» **Information supplied**
§ §
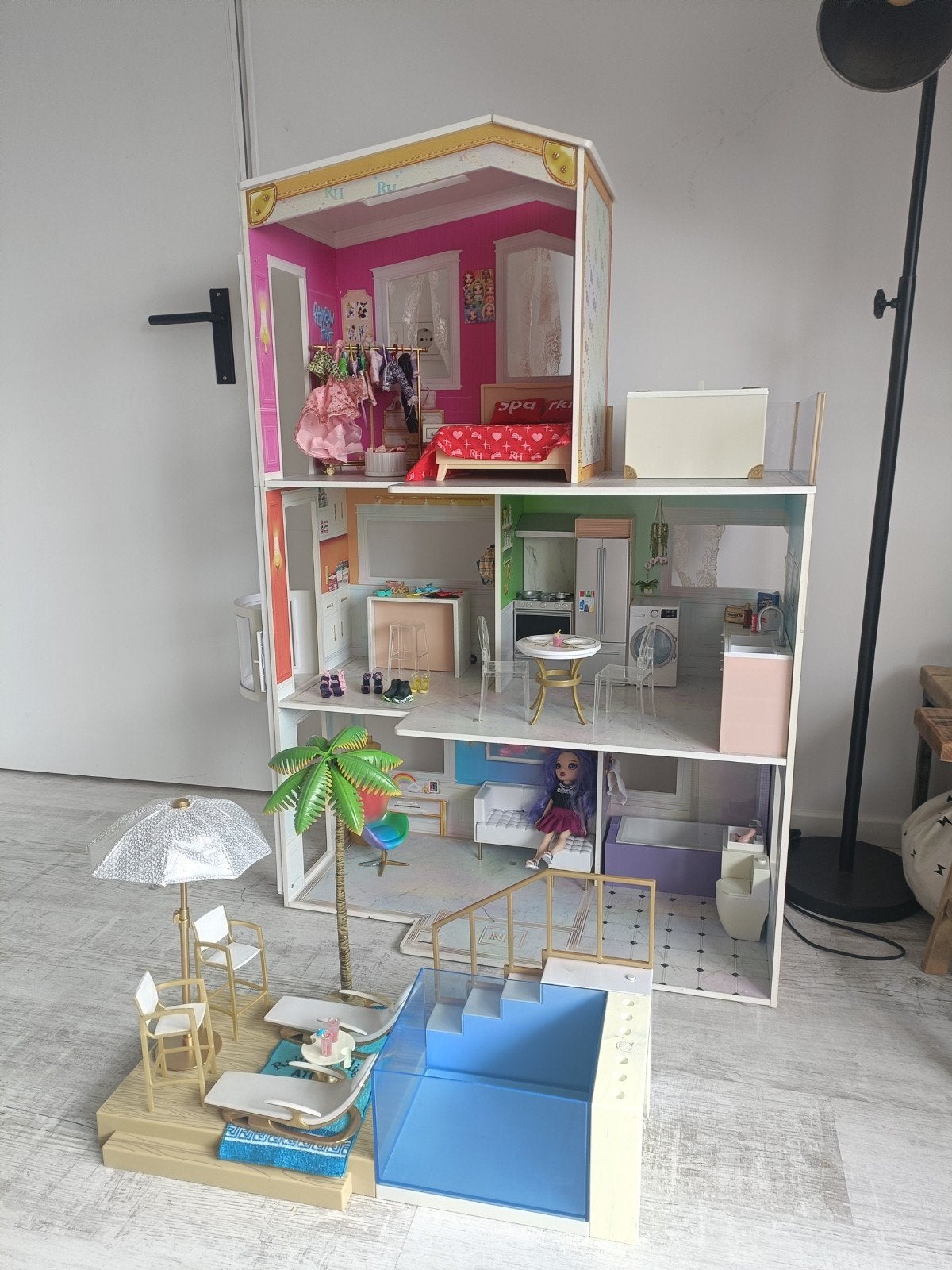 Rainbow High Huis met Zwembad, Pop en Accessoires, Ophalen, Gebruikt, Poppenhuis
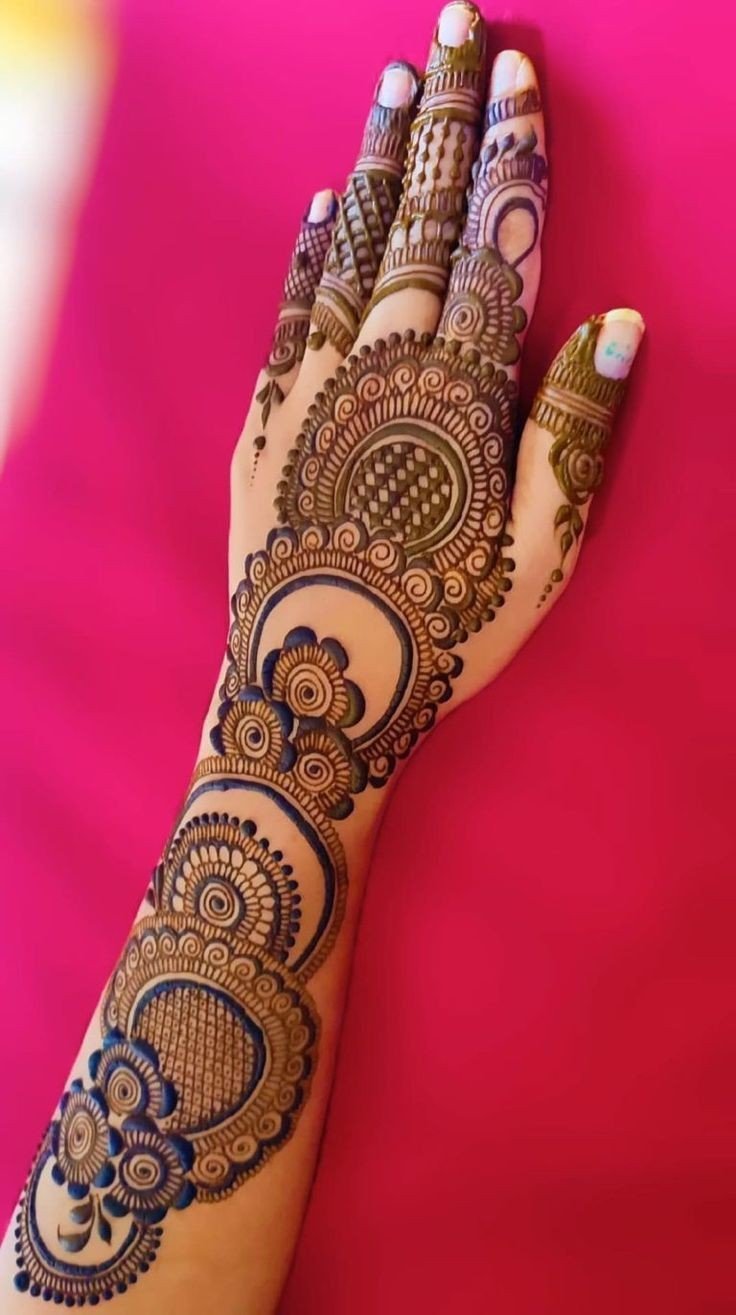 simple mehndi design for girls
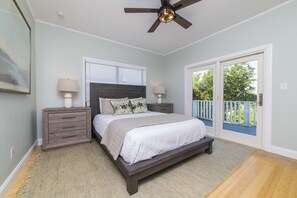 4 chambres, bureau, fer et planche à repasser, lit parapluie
§ §
» **Problem**
Retype the full listing exactly; pictures stay out.

» **Answer space**
 Rainbow High Huis met Zwembad, Pop en Accessoires, Ophalen, Gebruikt, Poppenhuis
 simple mehndi design for girls
 4 chambres, bureau, fer et planche à repasser, lit parapluie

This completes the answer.